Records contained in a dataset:

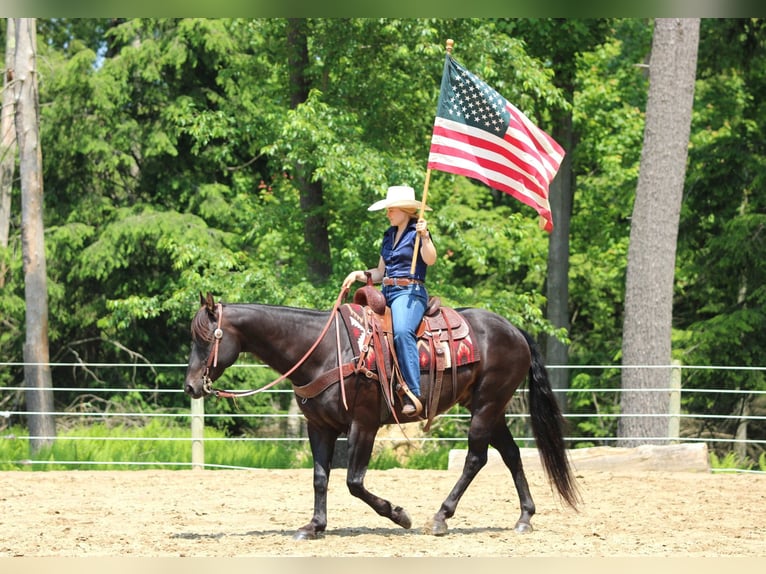 American Quarter Horse Mix Ruin 13 Jaar 152 cm Bruin in Clarion, PA
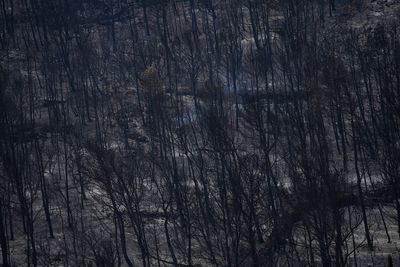 Firefighters battle to prevent reignition of France’s largest wildfire as residents return home
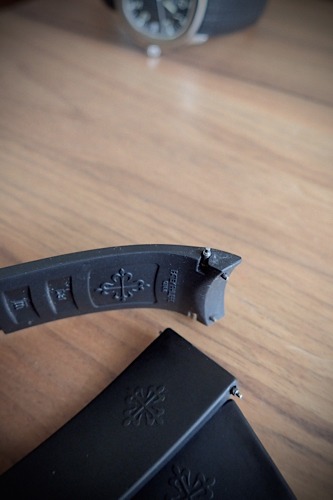 tropical composite straps_f0057849_1302034.jpg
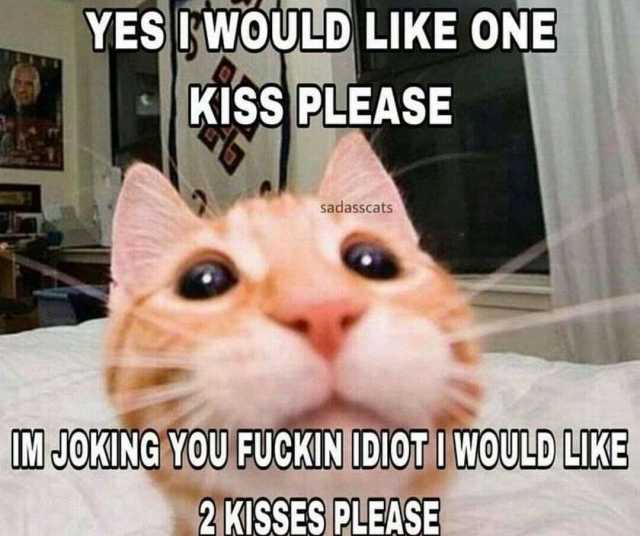 YES WOULD LIKE ONE KI$S PLEASE sadasscats M JOKING YOU FUCKIN DI0T I wOULD LIKE 2 KISSES PLEASE
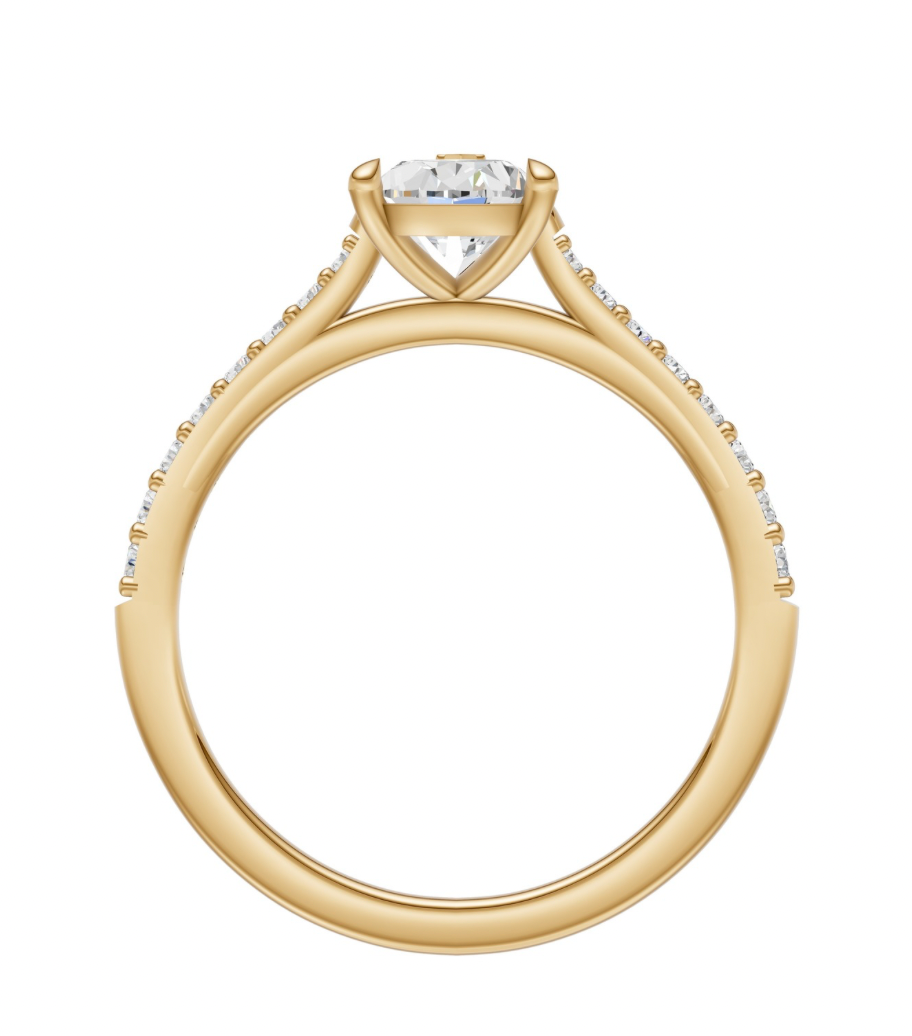 The Radiant Round Halo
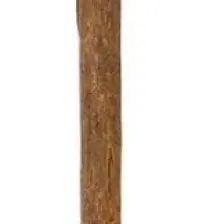 Eastland Matatabi Catnip Toplu Kedi Lolipop 9.5 cm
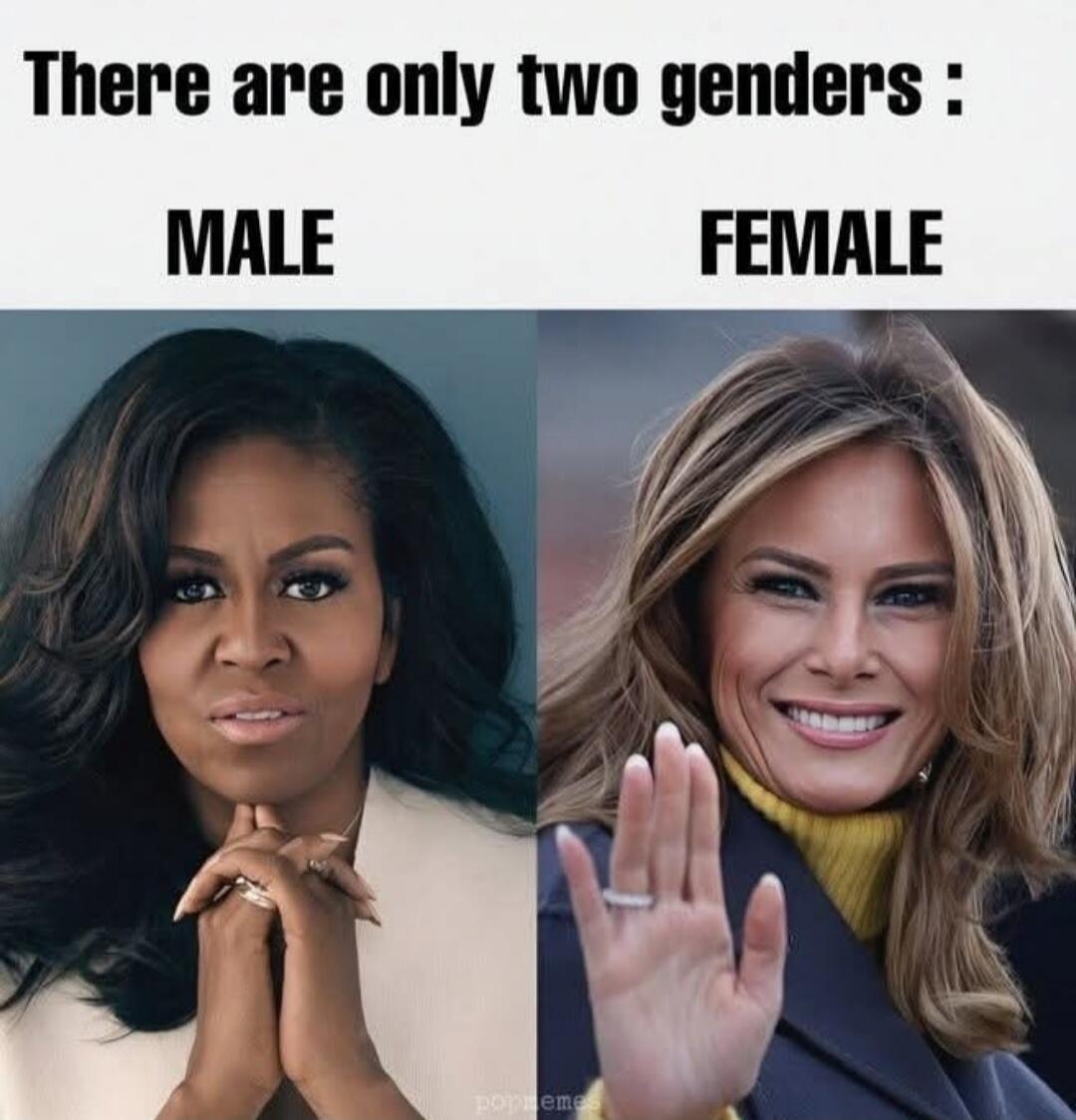 There are only two genders: MALE FEMALE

Problem requirements
When a record holds a picture, leave that picture out; copy the rest verbatim.

Exercise result
 American Quarter Horse Mix Ruin 13 Jaar 152 cm Bruin in Clarion, PA
 Firefighters battle to prevent reignition of France’s largest wildfire as residents return home
 tropical composite straps_f0057849_1302034.jpg
 YES WOULD LIKE ONE KI$S PLEASE sadasscats M JOKING YOU FUCKIN DI0T I wOULD LIKE 2 KISSES PLEASE
 The Radiant Round Halo
 Eastland Matatabi Catnip Toplu Kedi Lolipop 9.5 cm
 There are only two genders: MALE FEMALE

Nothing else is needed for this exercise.